Recently, in order to realize semantic interoperability in the sense of allowing users to integrate data and query the system at a conceptual level, many efforts are being made to develop semantic approaches, including the Semantic Matrix Model [DH95], RDF (Resource Description Framework) [BG99], COIN [], Knowledge Sharing Effort [KSE], Intelligent Integration of Information [III], the Digital Library Initiative [DLI], and Knowledge-based Integration [GLM00, LGM01]. Several ontology languages have been developed for data and knowledge representation, and reasoning formalism to help data integration from semantic perspective, such as F-Logic [GLM00, LGM01, LHL98], Ontolingua [FFR97], XOL [CF97], OIL and DLR [CGL98, CGL01]. However, the meaning of a document often involves a deep understanding of its social context, including how it is used, its role in organizational politics, its relation to other documents, its relation to other organizations, and much more, depending on the particular situation. Moreover, these contexts may be changing at a rather rapid rate, as may the documents themselves. These complexities mean it is unrealistic to expect any single semantics written in a special ontology language to adequately reflect the meaning of documents for every purpose. Ontology mediation approaches are not mature enough yet and can be frustrating to users, due to the current difficulty of discovering, communicating, formalizing and updating all the necessary contextual information, and expressing it in a formal language.

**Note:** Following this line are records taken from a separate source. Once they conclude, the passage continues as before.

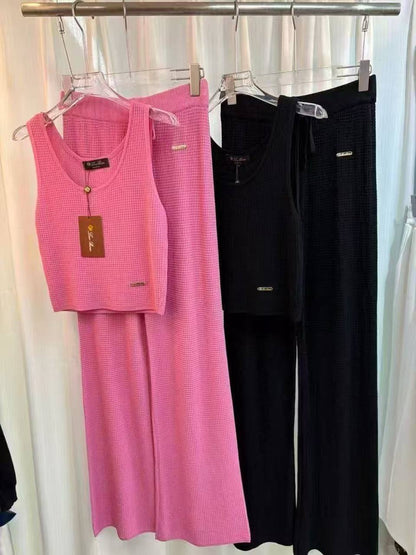 *New collections     
230 dhs🪙💚
*good  quality  
*Sizes:S M L * 
*AVAILABLE NOW*🥰🛍️🛍️

Zain231
♥️♥️♥️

The present paper differs from our previous paper [NGW02] in its focus on problems that are relevant to information retrieval and documents, and in describing new features of the implemented system to handle mappings that involve attributes, whereas previously we could only handle mappings among elements.

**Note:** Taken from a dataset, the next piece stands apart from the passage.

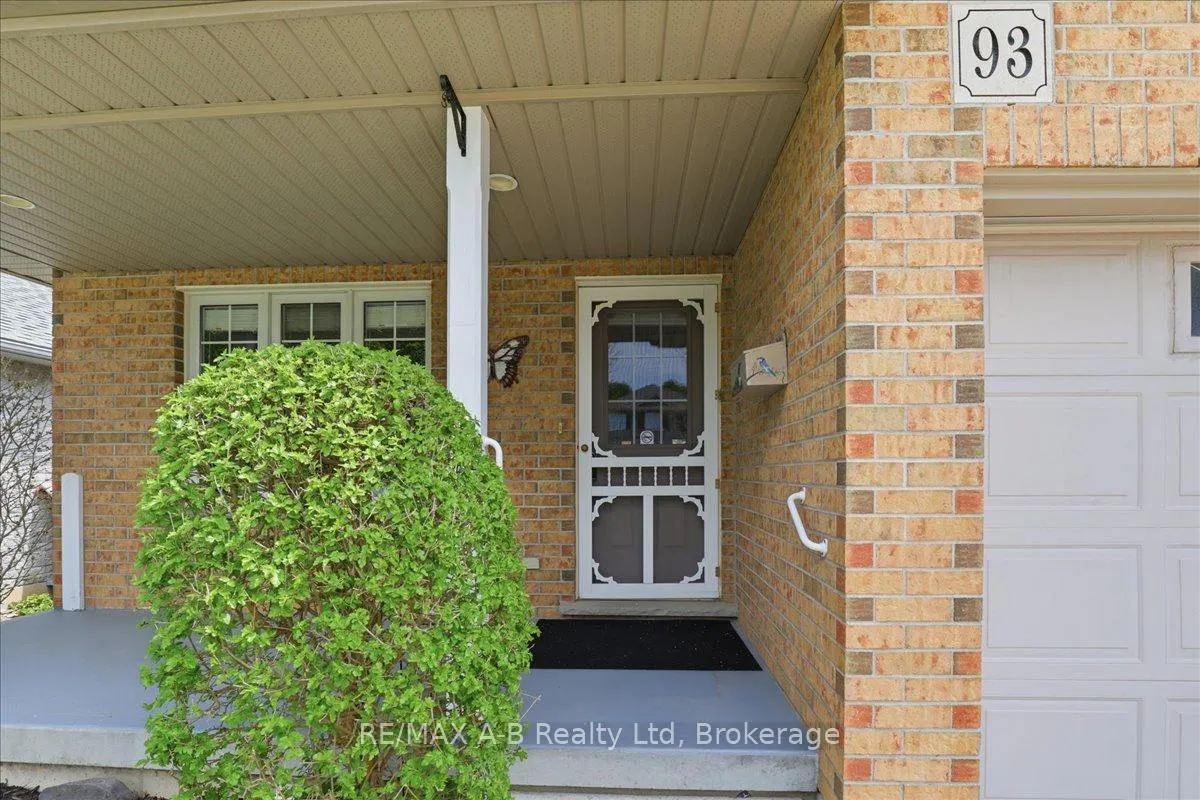 Photo 13 of 93 Abraham Drive, Stratford — HOMEH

3. The Distributed Documents XML Interface (DDXMI)

Figure 1 System structure for DDXMI over distributed documents

3.1 DDXMI in IR system

An overview of the system structure for information retrieval with DDXMI for distributed documents is shown in Figure 1. We assume that all documents are in XML, either directly or through wrapping. The basic idea is that a query to the distributed documents, called a master query, is automatically rewritten to sub-queries, called local queries, which fit each local database format using the information stored in DDXMI by the query generator. The DDXMI contains the path information and functions to be applied to each local document, along with identification information such as author, date, comments, etc. The paths in a master query are parsed by the query generator and replaced by corresponding paths of each local document, if there are paths for the master query, by consulting the DDXMI. If not, a null query is generated for the corresponding path in the local query, which means that this query cannot be applied to that local document. The result will be collected with all answers from each document.

3.2 The Structure of DDXMI

The DDXMI is an XML document, containing meta-information about relationships of paths among documents, and function names for handling semantic and structural discrepancies. The DTD for DDXMI documents is shown in Figure 2.

<!ELEMENT DDXMI (DDXMI.header, DDXMI.isequivalent, documentspec)>
<!ELEMENT DDXMI.header (documentation,version,date,authorization)>
<!ELEMENT documentation (#PCDATA)>
<!ELEMENT version (#PCDATA)>
<!ELEMENT date (#PCDATA)>
<!ELEMENT authorization (#PCDATA)>
<!ELEMENT DDXMI.isequivalent (source,destination*)*>
<!ELEMENT source (#PCDATA)>
<!ELEMENT destination (#PCDATA)>
<!ELEMENT documentspec (document, (elementname, shortdescription, longdescription, operation)*)*>
<!ELEMENT document (#PCDATA)>
<!ELEMENT elementname (#PCDATA)>
<!ELEMENT shortdescription (#PCDATA)>
<!ELEMENT longdescription (#PCDATA)>
<!ELEMENT operation (#PCDATA)>

Figure 2. The DDXMI DTD

Elements in the master document DTD are called source elements, while corresponding elements in local document DTDs are called destination elements. When the query generator finds a source element name in a master query, if its corresponding destination element is not null, then paths in the query are replaced by paths to the destination elements to get a local query. (We will see that these may be more than one destination element.) For example, consider there are several book documents at different sites. The ‘author’ field in the master document may be represented as an ‘author’, ‘author-name’, ‘name’, ‘auth’ element, etc. in different local documents. Then in the DDXMI, the ‘author’ source element matches with the destination element ‘author’, ‘author-name’, ‘name’, or ‘auth’ appropriate for each local document. More complex cases are discussed below.

3.3 How to generate a DDXMI

We assume that each XML document has its own DTD file. Since DTDs can be represented as n-ary trees, our approach involves mapping paths in the master DTD to (sets of) paths in the local DTDs, though we often speak of nodes instead of the paths that lead to these nodes, where the node is either an element or an attribute in the DTD. We match a node in the master DTD with a set of nodes in local document DTDs, by numbering each node in the master DTD tree and then assigning these numbers to the node(s) with the same meaning in the local DTD trees. Hence nodes with the same number are involved with the same meaning. By collecting all nodes with the same numbers, the source and destination paths can be generated automatically, and the DDXMI is easily constructed. An especially convenient special case is where an element in the master DTD matches one in a local document DTD, in that its field has the same meaning as the one in the master DTD. The possible number of elements in the master DTD is the union of those in all the local document DTDs, but elements in local documents should not appear in the DDXMI file if their meaning does not relate to any element in the DDXMI.